* **Task directions**:
Repeat the listing exactly, minus the pictures.

══════════

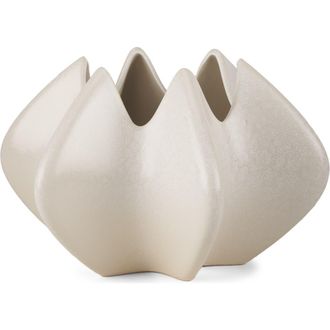Mercana Ulrich Sculptural Glazed Ceramic Vase in Cream at Nordstrom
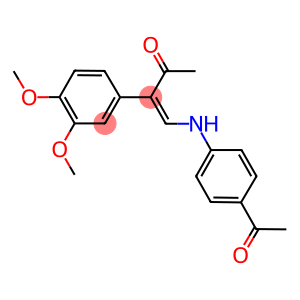 4-(4-acetylanilino)-3-(3,4-dimethoxyphenyl)but-3-en-2-one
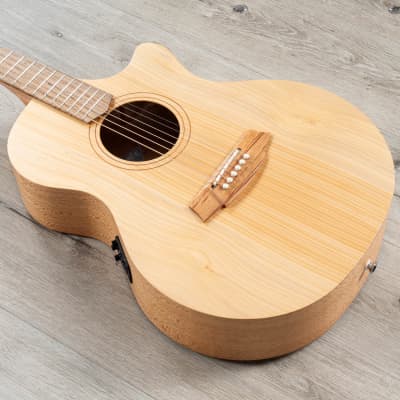 Cole Clark AN1EC-BSO AN Grand Auditorium 1 Acoustic-Electric Guitar, Bunya Top, Silky Oak Sides image 1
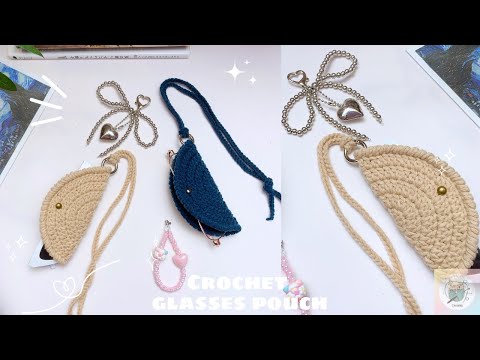 Easy crochet glasses pouch| Katee DIY
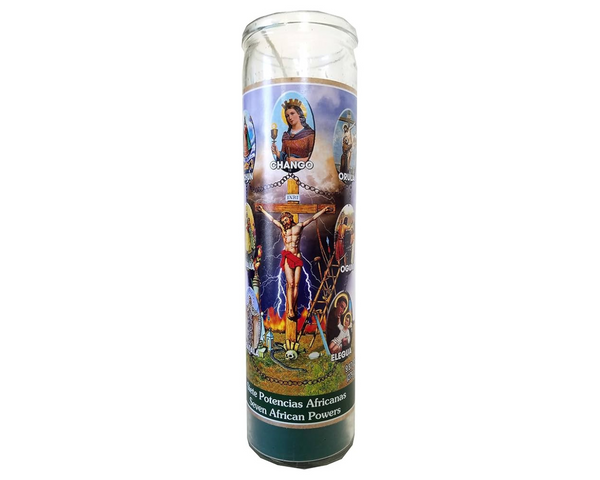 7 African Powers Candle 8in – spiritual ritual candle for home and meditation Canada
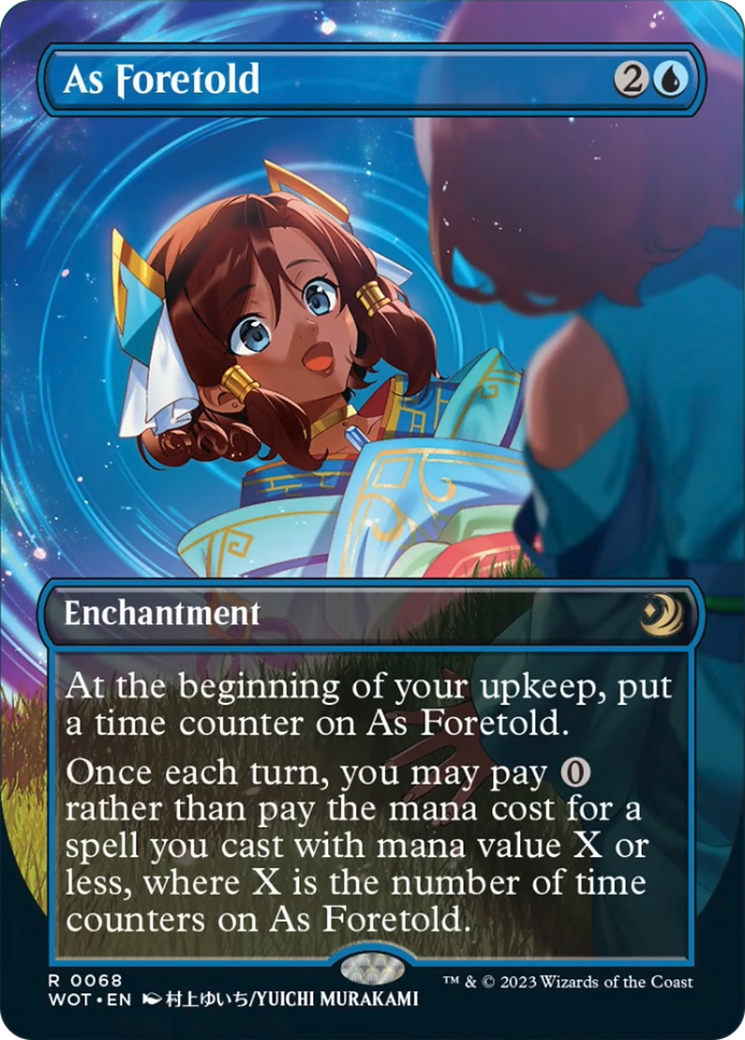 As Foretold (Anime Borderless) (Confetti Foil) [Wilds of Eldraine: Enchanting Tales] - Destination Retro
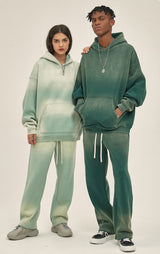 Distressed Hooded Sweatshirt 360g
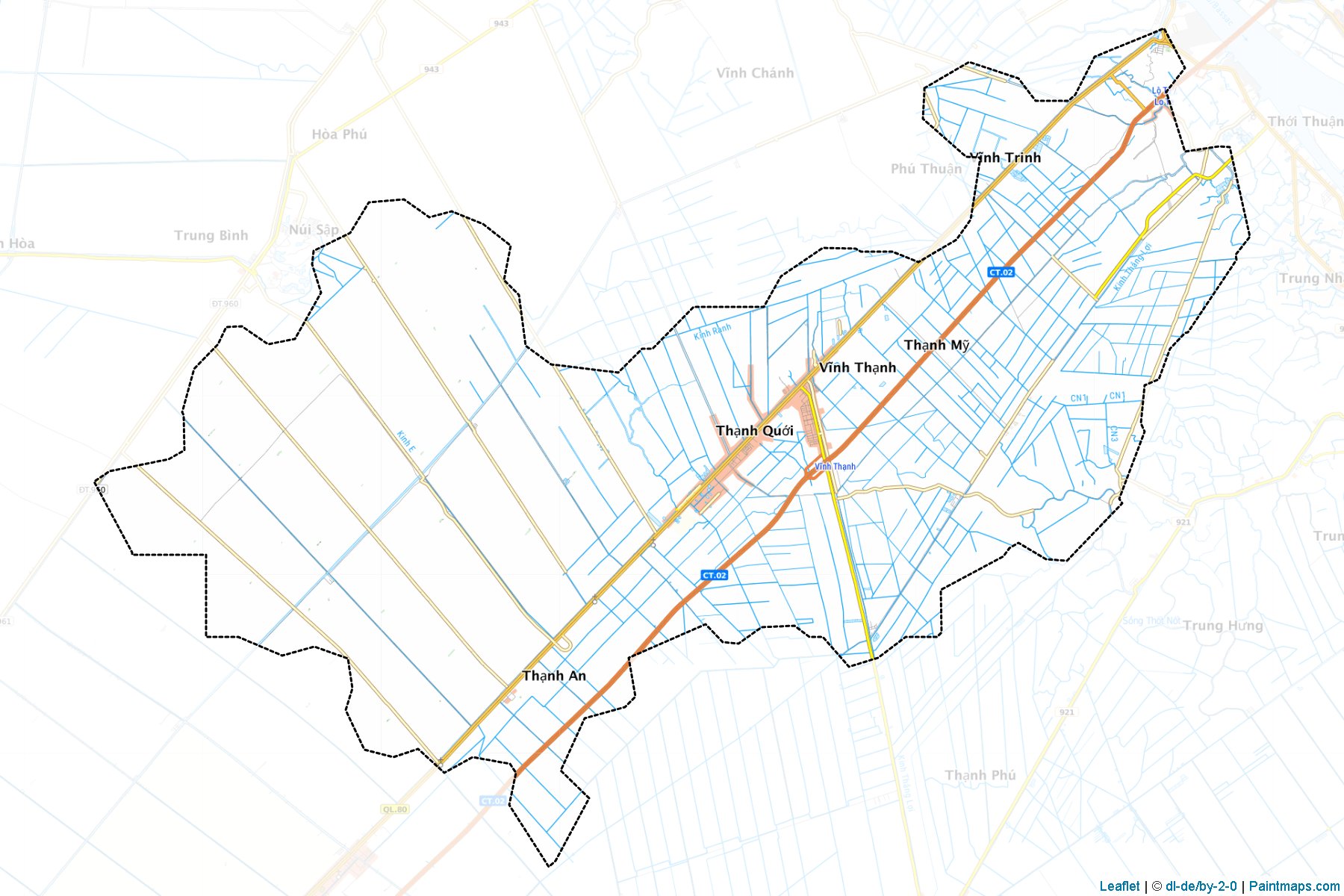 Vinh Thanh (Cần Thơ) Haritası Örnekleri-1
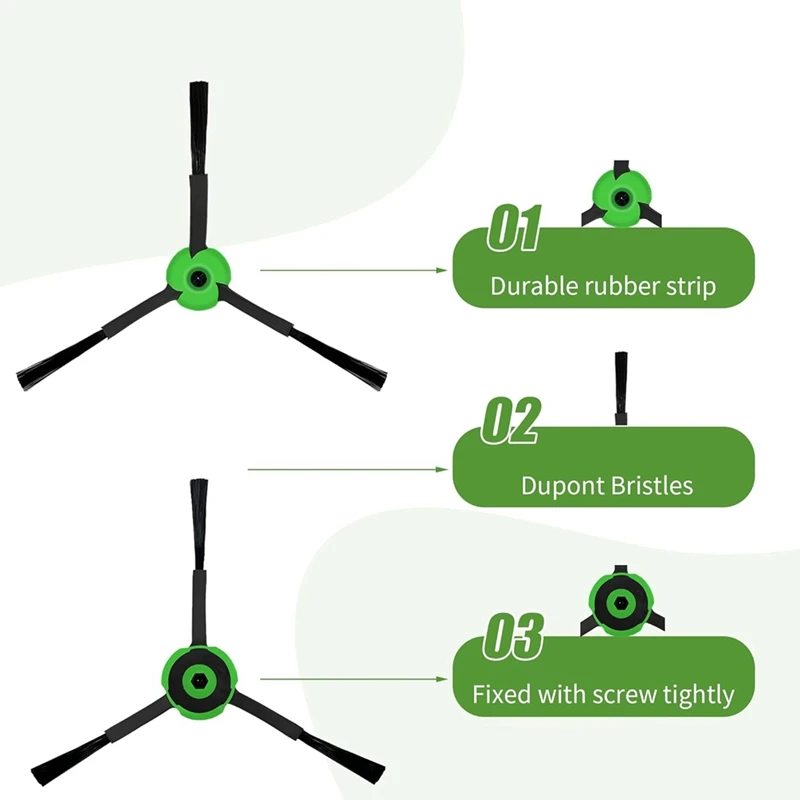 Komponen pengganti untuk Irobot Roomba Combo I3 + I5 + J5 + Robot penyedot debu Aksesori Roller Side Brush Filter bantalan pel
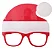 Óculos Divertido Papai Noel com Gorro – Vermelho – Acessório Natalino - Imagem 1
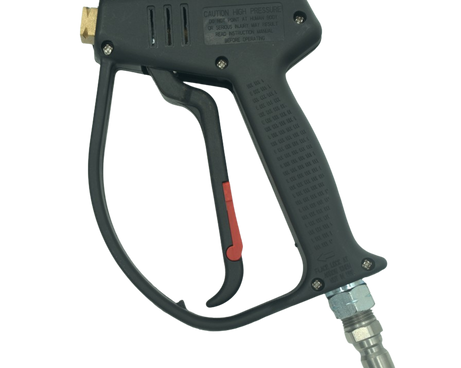 MTM Hydro M407 Spray Gun, 4000 PSI, 7 GPM, with QC PRIMA Steel Plug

══════════

* **Completed exercise**:
Mercana Ulrich Sculptural Glazed Ceramic Vase in Cream at Nordstrom
 4-(4-acetylanilino)-3-(3,4-dimethoxyphenyl)but-3-en-2-one
 Cole Clark AN1EC-BSO AN Grand Auditorium 1 Acoustic-Electric Guitar, Bunya Top, Silky Oak Sides image 1
 Easy crochet glasses pouch| Katee DIY
 7 African Powers Candle 8in – spiritual ritual candle for home and meditation Canada
 As Foretold (Anime Borderless) (Confetti Foil) [Wilds of Eldraine: Enchanting Tales] - Destination Retro
 Distressed Hooded Sweatshirt 360g
 Vinh Thanh (Cần Thơ) Haritası Örnekleri-1
 Komponen pengganti untuk Irobot Roomba Combo I3 + I5 + J5 + Robot penyedot debu Aksesori Roller Side Brush Filter bantalan pel
 Óculos Divertido Papai Noel com Gorro – Vermelho – Acessório Natalino - Imagem 1
 MTM Hydro M407 Spray Gun, 4000 PSI, 7 GPM, with QC PRIMA Steel Plug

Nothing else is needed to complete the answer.